One more pointer would be to be very explicit on the homepage about the problems the product solves.
For example, many organizations use a mix of gated HTTP over public internet AND VPN, each one will have its own vendor auth product(s), user whitelisting, it's difficult to control or regularly audit. Octelium centralizes this management and gives admins the flexibility to control how services are exposed and to whom, presumably via simple policy change git commits. SOC2, etc. then becomes a breeze to export the state of the world, onboard/offboard employees, etc.
Defining the product in terms of use cases/problems/solutions rather that competing alternatives (Tailscale, Okta, ORY Hydra, etc.) will go a long way to increase clarity.
Thank you, I will definitely add more kind of less-technical information on the homepage to make it easier to understand for business people. As for comparisons, I have been actually reluctant to do it because I don't think I can ever do a truly neutral comparison myself and I believe it should come from neutral parties such as blogs as well as users trying to discover the best solution that works for their own use case. But since I have been asked multiple times already I will probably add some comparisons soon.
I'm not entirely sure if you realize that people here are highly technical yet don't get the point.

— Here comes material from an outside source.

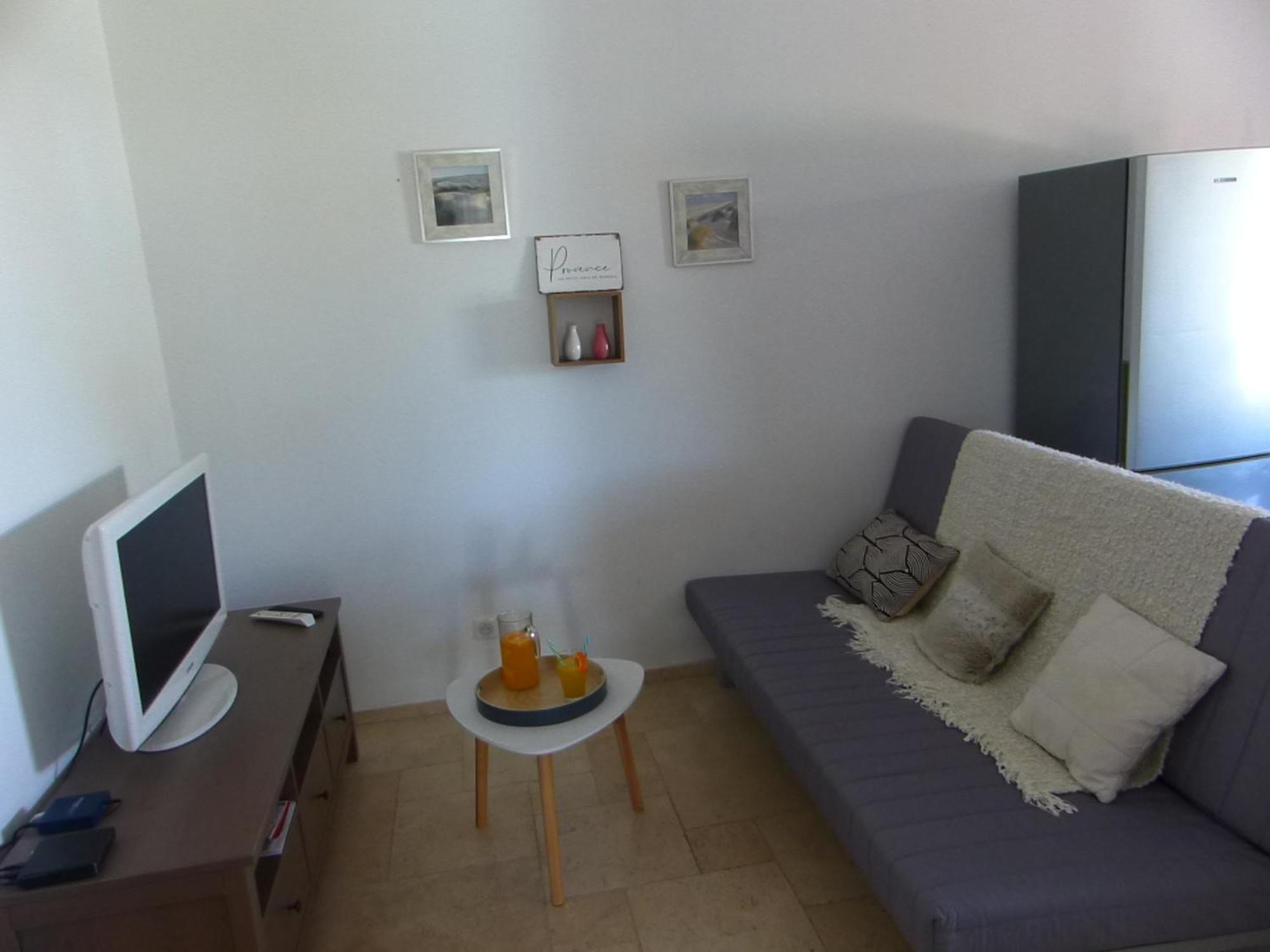 Apartamento Vigne Et Cigale Le Thoronet Exterior foto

The problem isn't that you need to “make it easier to understand for business people” (which many here would take as an offense), the problem is that you're name dropping technologies and concepts without articulating exactly what problem your product solves, and what your exact value proposition is.
Something that does everything usually does nothing well, or at least doesn't provide a coherent dev experience with a sane mental model.
Believe me I am the one who's actually still struggling to find where the jargon/buzzwords/naming dropping exactly is in my own README. Is it terms such as ZTNA/BeyondCorp, MCP, A2A, AI/API gateway? Is it secretless access, zero trust? I will do my best to simplify the README and docs. It's not like I am happy that even technical people are struggling to quickly understand the README. I admit that there must be something wrong with the README/docs and I am going to improve it. All those people hinting the same thing cannot just be wrong.
Zero-Trust, secretless, ZTNA, BeyondCorp, A2A, AI gateway, next gen --> buzzwords
API gateway, MCP, Oauth, VPN --> not buzzwords
The defining characteristics of buzzword are that is very broad, promises "pie-in-the-sky", and almost universally under-delivered by every vendor while incurring very steep costs. In other words, the reason "zero-trust" scares people is because they have probably been burned N times but Oracle, Okta, etc. etc. incurring large costs to achieve underwhelming/non-functioning results, often times paying $$$ to solve imagined infinity-scale problems that don't even apply to the current org size, or even 10x the size.
API gateways, MCP, VPNs are tangible things that fill fairly mundane roles, it is not hard to envision how they can be used to solve real-world properties. I can easily envision dropping an "API gateway" in front of "MCP" in my stack. ZTNA however I cannot just sprinkle on my stack as if it were magic pixie dust...
It doesn't mean that ZTNA should be outright banned everywhere, but when you do use it, you need very careful to define an exact meaning expressed in terms of non-buzzword components.
For example, many organizations use a mix of gated HTTP over public internet AND VPN, each one will have its own vendor auth product(s), user whitelisting, it's difficult to control or regularly audit. Octelium centralizes this management and gives admins the flexibility to control how services are exposed and to whom, presumably via simple policy change git commits. SOC2, etc. then becomes a breeze to export the state of the world, onboard/offboard employees, etc.
Defining the product in terms of use cases/problems/solutions rather that competing alternatives (Tailscale, Okta, ORY Hydra, etc.) will go a long way to increase clarity.